| Bug #25478 | transaction structure lost in replication | ||
|---|---|---|---|
| Submitted: | 8 Jan 2007 21:04 | Modified: | 12 Mar 2007 15:55 |
| Reporter: | Hal Finkel | Email Updates: | |
| Status: | No Feedback | Impact on me: | |
| Category: | MySQL Server: Replication | Severity: | S2 (Serious) |
| Version: | 5.1.14-0.glibc23 | OS: | Linux (Fedora Core 4) |
| Assigned to: | CPU Architecture: | Any | |
| Tags: | binary log, innodb, replication, transaction | ||
[8 Jan 2007 21:09]
Hal Finkel
The relay log on server C
Attachment: server_c_relay.log.txt (text/plain), 1.71 KiB.
[8 Jan 2007 21:10]
Hal Finkel
Binary log from server C (notice how the transaction structure has changed from the relay log - unparsed by mysqlbinlog)
Attachment: server_c.log.txt (text/plain), 1.63 KiB.
[10 Jan 2007 15:40]
Valeriy Kravchuk
Thank you for a problem report. Please, send my.cnf files content from servers A, B, C. Just for completeness.
[11 Jan 2007 6:40]
Hal Finkel
my.cnf file from server a
Attachment: server_a_my.cnf (application/octet-stream, text), 676 bytes.
[11 Jan 2007 6:41]
Hal Finkel
my.cnf file from server B
Attachment: server_b_my.cnf (application/octet-stream, text), 676 bytes.
[11 Jan 2007 6:42]
Hal Finkel
my.cnf file from server C
Attachment: server_c_my.cnf (application/octet-stream, text), 676 bytes.
[11 Jan 2007 6:46]
Hal Finkel
I've uploaded the my.cnf files from servers A, B and C. I removed the actual IPs, host names, database names, usernames and passwords.
[12 Feb 2007 15:55]
Valeriy Kravchuk
Sorry for a delay with this bug report. Please, try to repeat with a newer version, 5.1.15, on all the servers, and inform about the results.
[13 Mar 2007 0:00]
Bugs System
No feedback was provided for this bug for over a month, so it is being suspended automatically.
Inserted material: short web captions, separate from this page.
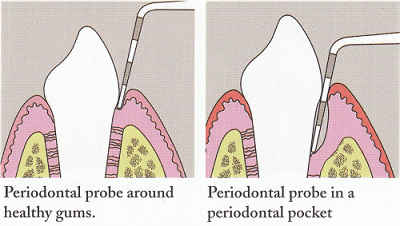 periodontal probe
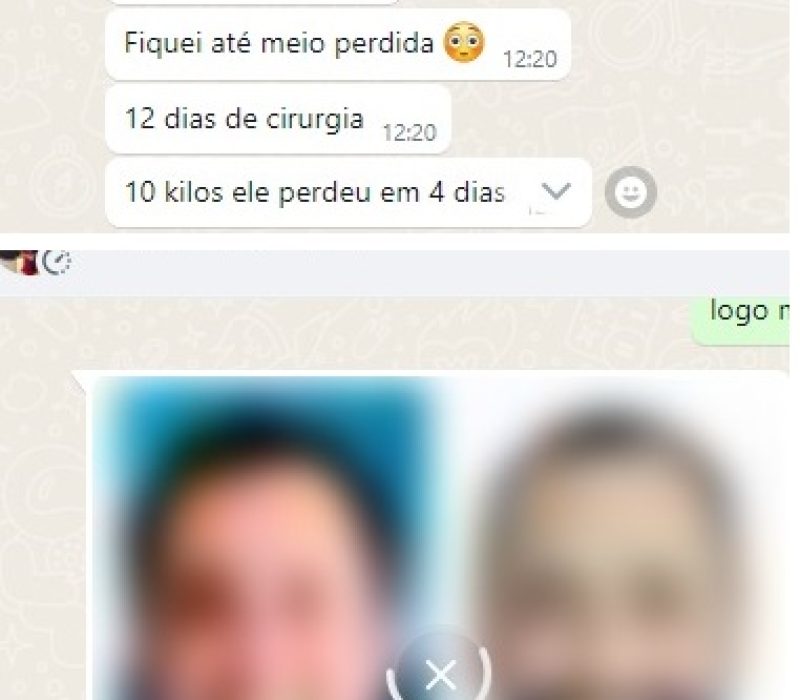 paciente djalma relato para nutricionista bariatrica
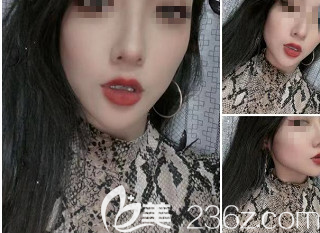 術(shù)后60天 術(shù)后60天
If you are able to provide the information that was originally requested, please do so and change the status of the bug back to "Open".

Description: I have a chained setup (multi-master), A (server id 10) -> B (server id 20) -> C (server id 30) -> A. I had been inserting data on server A and that data was replicated to server B and from server B to server C. The write performance on server C was 10 to 100 times slower than that on server's A and B (server B has an identical hardware/software setup to that of server C). SHOW INNODB STATUS showed that the number of fsync's/sec was much higher on server C than on either A or B. Also, while executing the replicated statements, the number of locks held on server C was near 1 while servers A or B would hold thousands of locks while executing the replicated statements. The binary log on server A shows a BEGIN statement followed by a number of inserts, and then a COMMIT. The relay log on server B has the same and the binary log on server B has the same. On the server C, the binary log also seems the same as those of server B, but its relay log shows a number of inserts each followed by a COMMIT (I belive the cause of the performance problems is that the server is executing the statements in this fashion). How to repeat: On server A: create table test1 (k integer not null auto_increment, t varchar(64), primary key (k)) ENGINE=InnoDB; BEGIN; insert into test1 (t) values ('a'); insert into test1 (t) values ('b'); insert into test1 (t) values ('c'); insert into test1 (t) values ('d'); COMMIT; I'll attach samples of the end of the binary logs (unparsed by mysqlbinlog).